市職員であることを明らかにして利用者に安心してもらう目的がある名札だが、一方で名札から名前を知られてトラブルになったケースも少なくない。
職員のプライバシーを保護するため、船橋市では本年度から名字だけに変更。利用者とトラブルになった際に「名前は覚えたからな」「SNSでさらす」などと脅迫を受けた経験のある職員もいるという。千葉県でも4月から、名字のみに変更し顔写真の掲載も取りやめた。新しい名札は所属と名字に加え、名字のふりがなとローマ字表記を追加。同時に視認性が高く読みやすいフォントに切り替えた。
動画投稿繰り返した男性に無許可撮影禁止の判決も
千葉地裁 裁判所が「カスハラ」ともいえる行為を禁止する判決を下した例もある。船橋市役所で職員の動画を無断で撮影し、インターネットへの投稿を繰り返した市内の男性に対し、千葉地裁は2020年、市の訴えを認め無許可撮影を禁止する判決を言い渡した。
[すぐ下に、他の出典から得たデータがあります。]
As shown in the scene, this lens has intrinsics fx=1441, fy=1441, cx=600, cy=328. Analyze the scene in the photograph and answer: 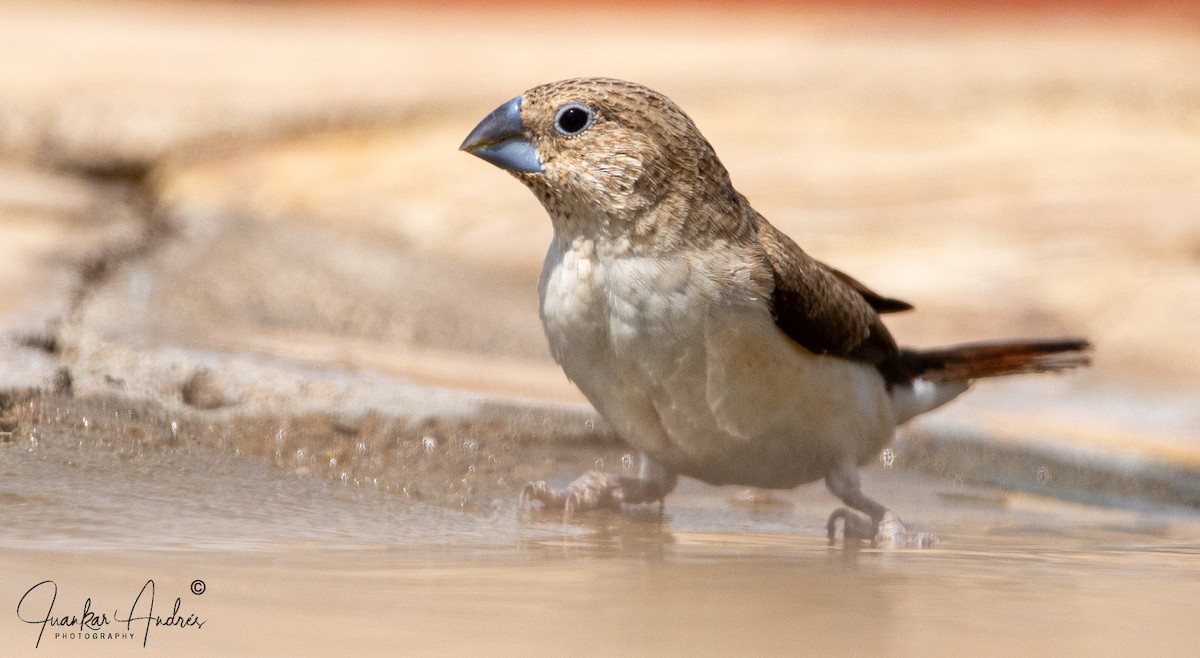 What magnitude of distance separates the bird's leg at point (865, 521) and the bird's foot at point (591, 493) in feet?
1.41

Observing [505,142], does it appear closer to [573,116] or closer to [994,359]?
[573,116]

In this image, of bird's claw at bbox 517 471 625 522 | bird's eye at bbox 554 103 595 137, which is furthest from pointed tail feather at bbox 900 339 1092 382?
bird's eye at bbox 554 103 595 137

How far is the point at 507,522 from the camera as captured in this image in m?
3.17

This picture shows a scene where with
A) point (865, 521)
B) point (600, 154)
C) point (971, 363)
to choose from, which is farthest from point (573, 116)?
point (971, 363)

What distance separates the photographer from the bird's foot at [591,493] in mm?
3348

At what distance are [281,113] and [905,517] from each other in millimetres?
4733

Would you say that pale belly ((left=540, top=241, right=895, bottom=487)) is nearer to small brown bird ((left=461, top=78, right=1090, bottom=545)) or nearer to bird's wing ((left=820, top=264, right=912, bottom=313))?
small brown bird ((left=461, top=78, right=1090, bottom=545))

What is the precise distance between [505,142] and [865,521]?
1.22 m

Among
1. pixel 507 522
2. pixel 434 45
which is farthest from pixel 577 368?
pixel 434 45

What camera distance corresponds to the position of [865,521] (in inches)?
134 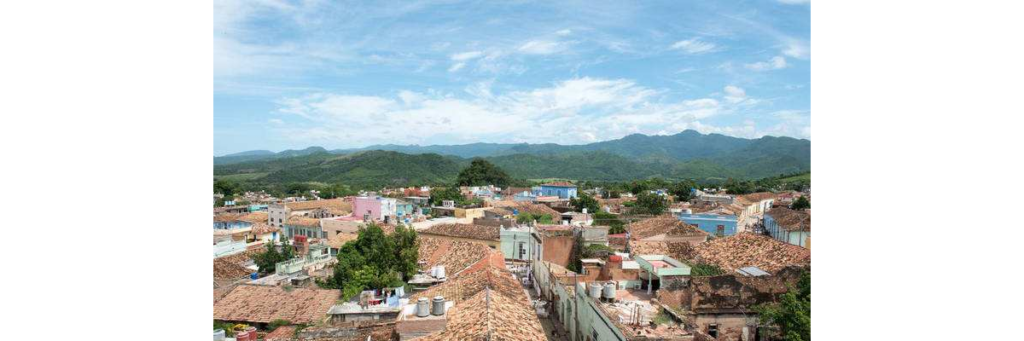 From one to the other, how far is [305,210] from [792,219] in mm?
32695

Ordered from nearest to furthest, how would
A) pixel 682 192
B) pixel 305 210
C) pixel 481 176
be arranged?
pixel 305 210 < pixel 682 192 < pixel 481 176

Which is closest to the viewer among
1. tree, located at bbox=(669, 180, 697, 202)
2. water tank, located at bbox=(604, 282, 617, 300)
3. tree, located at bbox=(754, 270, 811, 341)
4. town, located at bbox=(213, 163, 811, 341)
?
town, located at bbox=(213, 163, 811, 341)

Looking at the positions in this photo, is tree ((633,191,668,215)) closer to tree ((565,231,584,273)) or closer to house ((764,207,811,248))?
Answer: house ((764,207,811,248))

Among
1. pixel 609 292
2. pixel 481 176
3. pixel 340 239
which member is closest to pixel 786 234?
pixel 609 292

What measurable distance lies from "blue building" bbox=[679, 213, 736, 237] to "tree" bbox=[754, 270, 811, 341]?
2075 centimetres

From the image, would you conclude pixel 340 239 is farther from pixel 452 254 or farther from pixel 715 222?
pixel 715 222

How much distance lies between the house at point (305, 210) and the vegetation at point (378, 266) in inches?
792

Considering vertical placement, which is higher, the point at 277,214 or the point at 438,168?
the point at 438,168

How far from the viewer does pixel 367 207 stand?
113ft

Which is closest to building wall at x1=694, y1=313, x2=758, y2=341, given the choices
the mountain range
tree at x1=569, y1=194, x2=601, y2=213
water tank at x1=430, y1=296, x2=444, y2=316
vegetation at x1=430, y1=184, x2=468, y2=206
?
water tank at x1=430, y1=296, x2=444, y2=316

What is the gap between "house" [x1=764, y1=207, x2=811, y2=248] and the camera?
78.8ft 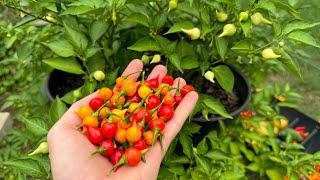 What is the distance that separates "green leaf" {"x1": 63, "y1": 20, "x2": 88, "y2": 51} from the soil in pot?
19.0 inches

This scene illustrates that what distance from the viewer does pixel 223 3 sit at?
1525mm

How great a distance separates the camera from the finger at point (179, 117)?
4.71 feet

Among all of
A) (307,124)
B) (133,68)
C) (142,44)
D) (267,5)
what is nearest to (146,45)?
(142,44)

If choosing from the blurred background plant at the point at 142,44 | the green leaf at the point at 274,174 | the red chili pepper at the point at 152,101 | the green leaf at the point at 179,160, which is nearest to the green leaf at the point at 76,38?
the blurred background plant at the point at 142,44

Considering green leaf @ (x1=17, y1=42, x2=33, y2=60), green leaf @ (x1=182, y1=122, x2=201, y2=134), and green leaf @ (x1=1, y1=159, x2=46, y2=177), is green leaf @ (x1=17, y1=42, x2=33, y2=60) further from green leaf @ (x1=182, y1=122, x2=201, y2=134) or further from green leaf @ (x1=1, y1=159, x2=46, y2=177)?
green leaf @ (x1=182, y1=122, x2=201, y2=134)

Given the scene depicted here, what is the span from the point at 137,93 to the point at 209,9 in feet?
1.39

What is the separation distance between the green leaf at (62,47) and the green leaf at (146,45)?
0.75ft

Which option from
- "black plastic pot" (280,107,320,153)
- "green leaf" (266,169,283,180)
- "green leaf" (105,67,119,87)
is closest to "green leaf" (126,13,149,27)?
"green leaf" (105,67,119,87)

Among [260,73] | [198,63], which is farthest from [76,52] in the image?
[260,73]

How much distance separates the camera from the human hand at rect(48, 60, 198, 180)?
51.1 inches

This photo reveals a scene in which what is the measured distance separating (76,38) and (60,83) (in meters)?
0.57

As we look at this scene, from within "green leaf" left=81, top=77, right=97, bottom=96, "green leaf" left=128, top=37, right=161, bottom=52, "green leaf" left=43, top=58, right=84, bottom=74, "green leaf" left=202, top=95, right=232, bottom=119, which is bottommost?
"green leaf" left=202, top=95, right=232, bottom=119

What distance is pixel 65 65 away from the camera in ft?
5.23

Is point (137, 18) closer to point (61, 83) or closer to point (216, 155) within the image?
point (216, 155) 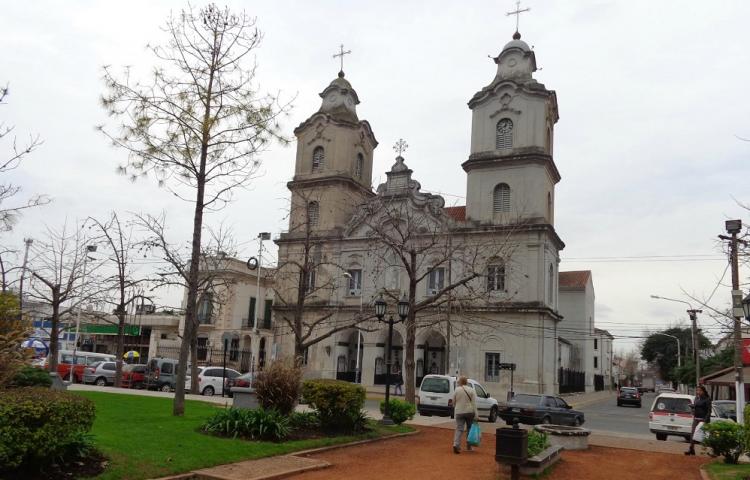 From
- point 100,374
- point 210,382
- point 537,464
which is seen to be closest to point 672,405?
point 537,464

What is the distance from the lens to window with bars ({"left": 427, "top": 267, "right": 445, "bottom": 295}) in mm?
41250

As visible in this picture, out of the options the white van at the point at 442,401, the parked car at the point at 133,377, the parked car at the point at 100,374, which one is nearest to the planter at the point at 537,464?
the white van at the point at 442,401

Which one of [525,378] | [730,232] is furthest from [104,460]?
[525,378]

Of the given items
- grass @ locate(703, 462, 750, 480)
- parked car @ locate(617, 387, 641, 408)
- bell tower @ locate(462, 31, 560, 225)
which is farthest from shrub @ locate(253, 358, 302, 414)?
parked car @ locate(617, 387, 641, 408)

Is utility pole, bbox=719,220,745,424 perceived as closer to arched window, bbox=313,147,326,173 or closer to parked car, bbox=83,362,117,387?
parked car, bbox=83,362,117,387

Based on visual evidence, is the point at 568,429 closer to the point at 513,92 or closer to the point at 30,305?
the point at 30,305

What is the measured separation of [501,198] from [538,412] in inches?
805

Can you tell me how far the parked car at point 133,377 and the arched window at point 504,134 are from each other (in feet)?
83.4

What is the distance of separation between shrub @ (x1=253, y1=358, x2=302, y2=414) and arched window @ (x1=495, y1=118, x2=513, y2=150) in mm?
29973

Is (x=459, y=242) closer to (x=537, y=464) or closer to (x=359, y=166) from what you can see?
(x=359, y=166)

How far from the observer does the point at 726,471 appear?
41.1 ft

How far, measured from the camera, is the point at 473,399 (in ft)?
47.6

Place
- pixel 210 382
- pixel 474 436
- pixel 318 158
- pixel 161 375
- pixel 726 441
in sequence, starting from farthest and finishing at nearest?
1. pixel 318 158
2. pixel 161 375
3. pixel 210 382
4. pixel 474 436
5. pixel 726 441

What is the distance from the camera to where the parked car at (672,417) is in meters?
20.5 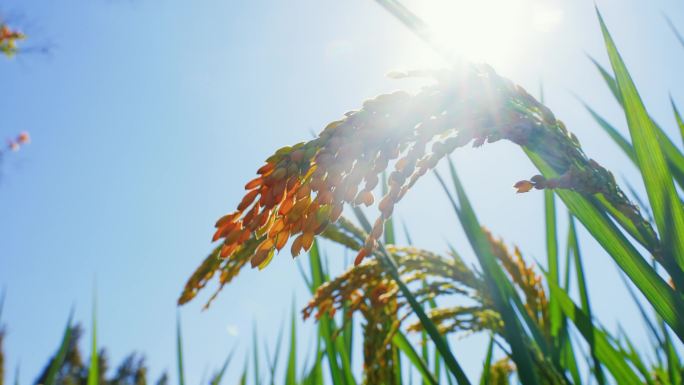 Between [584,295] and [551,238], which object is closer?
[584,295]

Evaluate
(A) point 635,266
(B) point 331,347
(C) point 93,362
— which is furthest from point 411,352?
(C) point 93,362

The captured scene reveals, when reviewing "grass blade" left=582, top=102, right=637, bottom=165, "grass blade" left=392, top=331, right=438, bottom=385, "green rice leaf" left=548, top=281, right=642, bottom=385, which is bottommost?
"green rice leaf" left=548, top=281, right=642, bottom=385

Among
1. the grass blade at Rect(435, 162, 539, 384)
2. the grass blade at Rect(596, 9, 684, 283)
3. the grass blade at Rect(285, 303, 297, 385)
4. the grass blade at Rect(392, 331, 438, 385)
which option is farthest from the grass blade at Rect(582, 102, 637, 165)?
the grass blade at Rect(285, 303, 297, 385)

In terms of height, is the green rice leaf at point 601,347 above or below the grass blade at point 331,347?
below

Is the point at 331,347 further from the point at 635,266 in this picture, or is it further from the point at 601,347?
the point at 635,266

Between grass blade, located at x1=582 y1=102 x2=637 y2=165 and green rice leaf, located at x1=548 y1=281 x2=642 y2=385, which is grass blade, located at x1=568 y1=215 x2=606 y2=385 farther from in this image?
grass blade, located at x1=582 y1=102 x2=637 y2=165

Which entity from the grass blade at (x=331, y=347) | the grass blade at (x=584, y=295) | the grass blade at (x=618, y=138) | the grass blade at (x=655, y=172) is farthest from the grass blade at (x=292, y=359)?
the grass blade at (x=655, y=172)

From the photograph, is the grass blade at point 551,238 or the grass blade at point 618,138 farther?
the grass blade at point 551,238

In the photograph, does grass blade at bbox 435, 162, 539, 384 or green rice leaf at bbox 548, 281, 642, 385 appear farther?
green rice leaf at bbox 548, 281, 642, 385

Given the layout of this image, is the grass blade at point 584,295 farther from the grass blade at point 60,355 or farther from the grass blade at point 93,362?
the grass blade at point 93,362

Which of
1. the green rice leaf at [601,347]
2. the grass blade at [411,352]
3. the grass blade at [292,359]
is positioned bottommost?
the green rice leaf at [601,347]

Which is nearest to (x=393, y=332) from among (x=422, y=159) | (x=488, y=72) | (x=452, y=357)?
(x=452, y=357)

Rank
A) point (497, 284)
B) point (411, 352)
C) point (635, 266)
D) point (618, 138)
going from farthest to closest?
point (411, 352), point (618, 138), point (497, 284), point (635, 266)

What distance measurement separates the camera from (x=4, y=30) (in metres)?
8.89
判決などによると、男性は16年4月~18年12月、庁舎内で職員らを無断で撮影し、動画投稿サイト「ユーチューブ」に「船橋市および千葉県警の実態」などのタイトルで動画65本を投稿。動画内では「おまえらみたいなばかを映す義務がある」などと職員を侮辱する発言を繰り返した。
判決で裁判長は、男性の1回の訪問につき、市が平均2時間半の対応を余儀なくされ、男性と来庁者とのトラブルもあったと指摘。男性は「憲法に保障された知る権利の行使だ」と主張したが、「権利行使として認められる限度を超え、業務に及ぼす支障の程度が著しい」として、市の訴えを認めた。
職員の46%が過去3年間に被害
自治体で働く職員の約4割がカスハラを受けたと回答した(写真はイメージ) 厚生労働省は昨年9月、うつ病など精神障害の労災認定基準を改正し、カスハラ被害を新たに追加。民間だけでなく、公務員が被害者となるケースもあるため、人事院は今年2月、国家公務員がカスハラを受けた場合、公務災害(労災)と認定できるよう指針を改正した。
全国の自治体で働く職員らでつくる「自治労」が2020年、全国各地の自治体などで働く人を対象にした実態調査では、回答した1万4千人のうち、約46%が過去3年間にカスハラを受けたと答えた。迷惑行為では、「暴言や説教」が約64%、「長時間のクレームや居座り」「複数回に及ぶクレーム」が約60%と目立った。
中には「SNSやネット上での誹謗中傷」「職員や職場の写真の公開」といった行為も挙げられた。カスハラは増加傾向にあるとみられ、被害を受けた職員の約6割は「出勤が憂鬱(ゆううつ)になった」と回答し、休職に至るケースもある。自治労はこうしたカスハラを予防するため、各自治体で措置すべき事項をとりまとめた予防・対応マニュアルを作成している。
県北西部の自治体職員は「利用者から『訴えるからフルネーム教えろ』『お前の顔と名前覚えたからな』と言われることは良くあり、写真を撮られたこともある。名札だけでも名字になれば少しは安心だが、やりとりを録音できるなど安心して仕事ができる体制を整えてほしい」と訴えた。